This ruling applies for the following periods:
Year ended 30 June 2013
The scheme commences on:
1 July 2012
Relevant facts and circumstances
The deceased purchased their home before 1985.
The deceased resided in a nursing home and the family home was rented to tenants at the time of their death.
The deceased was suffering from a condition at the date of their death and due to the condition their financial affairs were in disarray.
Communication between the branches of the family has been difficult and decisions in relation to the property have all taken longer because of the lack of connection between the families.
Settlement occurred over two years after the date of death.

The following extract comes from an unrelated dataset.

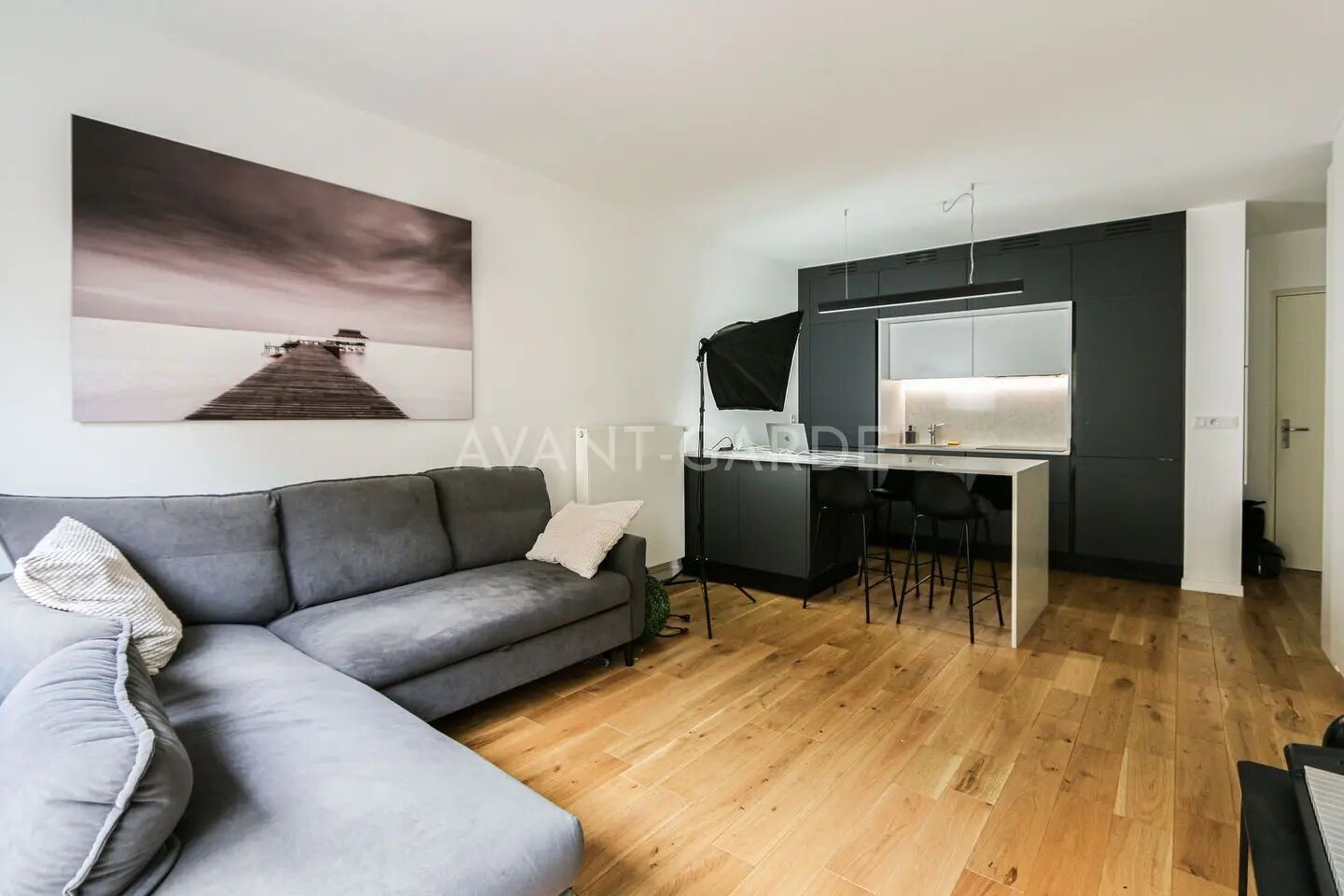 Appartement à louer, 39m², Paris 15ème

Relevant legislative provisions
Income Tax Assessment Act 1997 Subsection 118-195(1)
Reasons for decision
Subsection 118-195(1) of the ITAA 1997 states that if you are an individual who owns a dwelling in a capacity as trustee of a deceased estate, then you are exempt from tax on any capital gain made on the disposal of the property if:
· The property was acquired by the deceased on or after 20 September 1985 and the property was the deceased's main residence just before the deceased's death and was not then being used for the purpose of producing assessable income; or the property was acquired by the deceased before 20 September 1985; and
· your ownership interest ends within 2 years of the deceased's death (the Commissioner has discretion to extend this period in certain circumstances).
The Commissioner can exercise his discretion in situations such as where:
· the ownership of a dwelling or a will is challenged;
· the complexity of a deceased estate delays the completion of administration of the estate;
· a trustee or beneficiary is unable to attend to the deceased estate due to unforeseen or serious personal circumstances arising during the two-year period (for example, the taxpayer or a family member has a severe illness or injury); or
· settlement of a contract of sale over the dwelling is unexpectedly delayed or falls through for circumstances outside the beneficiary or trustee's control
Due to the complexity of the deceased estate the property was unable to be sold within two years of the deceased's death.
Having considered the relevant facts, the Commissioner is able to apply his discretion under subsection 118-195(1) of the ITAA 1997 and allow an extension to the 2 year time limit.